··· RECORDS SUPPLIED

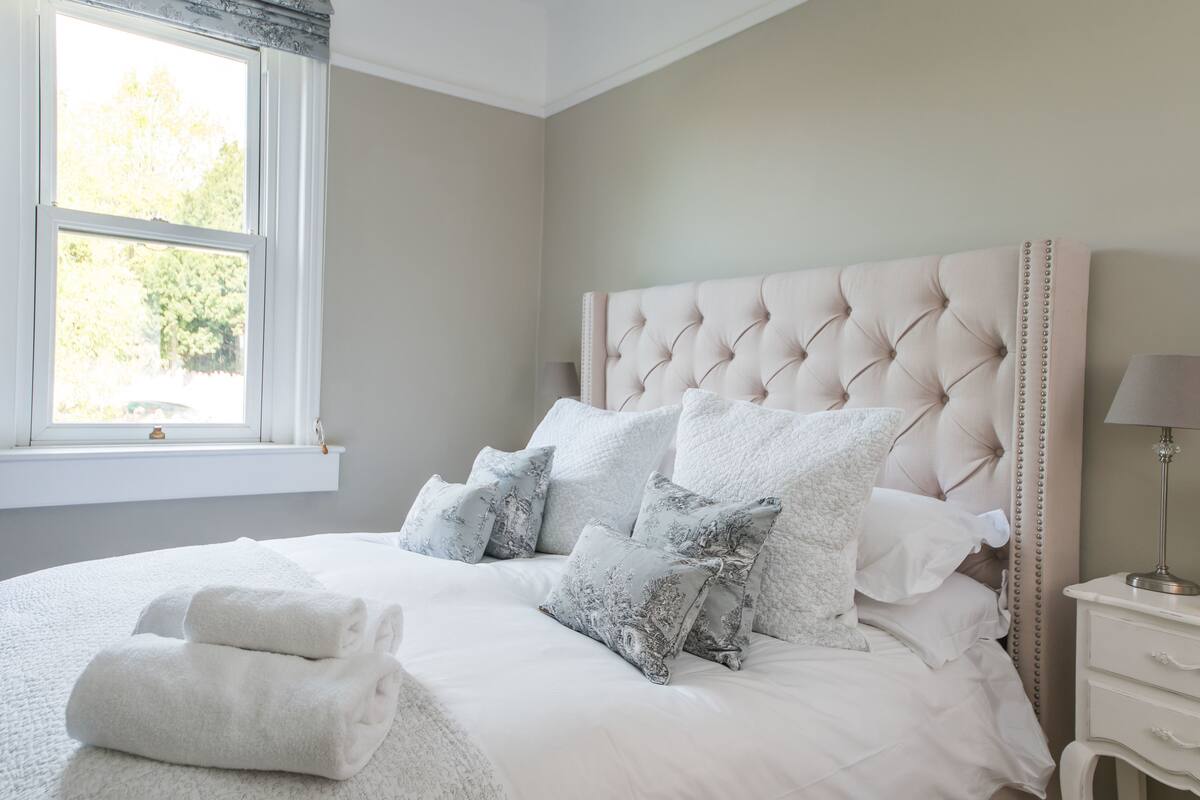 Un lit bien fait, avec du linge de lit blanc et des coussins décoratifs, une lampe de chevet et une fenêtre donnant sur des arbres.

······
··· RECORDS SUPPLIED

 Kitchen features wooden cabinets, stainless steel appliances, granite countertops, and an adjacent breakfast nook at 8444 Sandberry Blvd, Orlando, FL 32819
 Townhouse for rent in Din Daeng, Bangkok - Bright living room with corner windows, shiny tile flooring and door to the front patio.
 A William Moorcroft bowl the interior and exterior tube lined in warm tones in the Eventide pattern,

······

▶ [WORK TO COMPLETE]
Of the lines above, extract only those from the line with "Kitchen features wooden" to the line with "Townhouse for rent", both included, exactly as written.

▶ [SOLUTION BELOW]
 Kitchen features wooden cabinets, stainless steel appliances, granite countertops, and an adjacent breakfast nook at 8444 Sandberry Blvd, Orlando, FL 32819
 Townhouse for rent in Din Daeng, Bangkok - Bright living room with corner windows, shiny tile flooring and door to the front patio.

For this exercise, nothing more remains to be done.